Lets go back in time.
Microsoft released Windows Vista to manufacturing on November 8th 2006.
Jim Allchin (the Microsoft Exec in charge of Windows Vista) said at the time:-
The team had signed off on the final code at around 10 a.m. PST on Nov. 8, Allchin said, adding that “this is an incredible, happy day; it’s exciting for us. Vista is rock solid and we are ready to ship. This is a significant milestone for Microsoft and our partners.”
Two recent studies show Windows Vista is not as solid as Jim would have us believe.
Study 1)
According to a survey of nearly 600 European and US companies that have more than 1,000 employees, 84 percent of all their PCs now run Windows XP, up from 67 percent the year before.
Gray also echoed other analysts who last week said Vista plans had been significantly scaled back by most companies. “That’s absolutely the case. In May 2006, 40 percent of the companies we surveyed said they planned on deploying Vista within the first year of its public life,” Gray said. “Forty percent were planning on deploying, but by the end of 2007, only 7 percent will have started. Enterprises are absolutely pulling back from their very, very aggressive deployment plans.”
A year after Microsoft released Vista to duplicators, 38 percent of companies claimed they had no plans at this stage to deploy the operating system. Another 14 percent said they just didn’t know.
Study 2)
Ninety percent of 961 IT professionals surveyed said they have concerns about migrating to Vista and more than half said they have no plans to deploy Vista.
“The concerns about Vista specified by participants were overwhelmingly related to stability.
As a Windows Vista user I can see what all the concern is about. Having something swishier but less stable and slower isn’t a good sell.
On the positive side the Windows Vista Security model seems to have survived its first year without getting too embarrassed.

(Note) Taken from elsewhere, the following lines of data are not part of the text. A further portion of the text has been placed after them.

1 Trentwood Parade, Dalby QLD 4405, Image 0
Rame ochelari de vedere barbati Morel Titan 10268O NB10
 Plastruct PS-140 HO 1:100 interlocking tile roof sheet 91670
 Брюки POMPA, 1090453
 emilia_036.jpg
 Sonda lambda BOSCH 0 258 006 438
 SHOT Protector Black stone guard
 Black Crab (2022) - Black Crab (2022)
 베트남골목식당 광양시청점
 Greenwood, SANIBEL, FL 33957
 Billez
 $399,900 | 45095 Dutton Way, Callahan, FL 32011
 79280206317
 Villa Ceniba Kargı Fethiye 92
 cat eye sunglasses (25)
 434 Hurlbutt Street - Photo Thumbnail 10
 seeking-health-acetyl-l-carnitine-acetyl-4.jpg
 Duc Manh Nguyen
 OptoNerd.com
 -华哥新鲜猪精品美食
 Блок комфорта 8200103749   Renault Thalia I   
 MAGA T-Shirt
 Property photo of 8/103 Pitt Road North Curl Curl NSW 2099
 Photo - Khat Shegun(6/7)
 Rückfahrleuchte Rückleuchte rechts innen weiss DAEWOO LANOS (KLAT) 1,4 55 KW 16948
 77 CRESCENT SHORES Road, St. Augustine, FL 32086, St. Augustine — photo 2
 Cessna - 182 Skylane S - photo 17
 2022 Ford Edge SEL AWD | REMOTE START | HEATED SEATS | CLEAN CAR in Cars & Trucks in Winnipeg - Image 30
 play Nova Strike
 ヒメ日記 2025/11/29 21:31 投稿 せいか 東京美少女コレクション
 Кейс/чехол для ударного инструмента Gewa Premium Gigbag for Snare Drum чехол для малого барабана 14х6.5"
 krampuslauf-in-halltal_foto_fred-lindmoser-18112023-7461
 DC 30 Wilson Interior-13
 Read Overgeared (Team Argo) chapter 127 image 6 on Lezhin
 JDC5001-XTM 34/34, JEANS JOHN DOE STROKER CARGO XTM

The fact of the matter is I have experienced many glitches/bugs during my 11 months of use. However I haven’t lost any data but those glitches are annoying and my Clients don’t like to be annoyed by technology.
Hence my decision to date of giving my clients the best information I have at the time, nearly all stick with Windows XP.
Moving forward I am waiting for Windows Vista SP1 (Feb2008) and I will do a clean rebuild and live with it for a few months before deciding if I care to annoy, sorry deploy to my clients.
The news in the playground about SP1 is:- “more stable but the performance is the same”. That means new users are going to need fast PC’s with 2gig of Ram etc, yet another hard sell.
For my clients this just creates confusion, uncertainty and doubt about future deployments, so the smart move for them is to “wait and see”. The knock on effect is slower deployment of all technology. This of course benefits no one.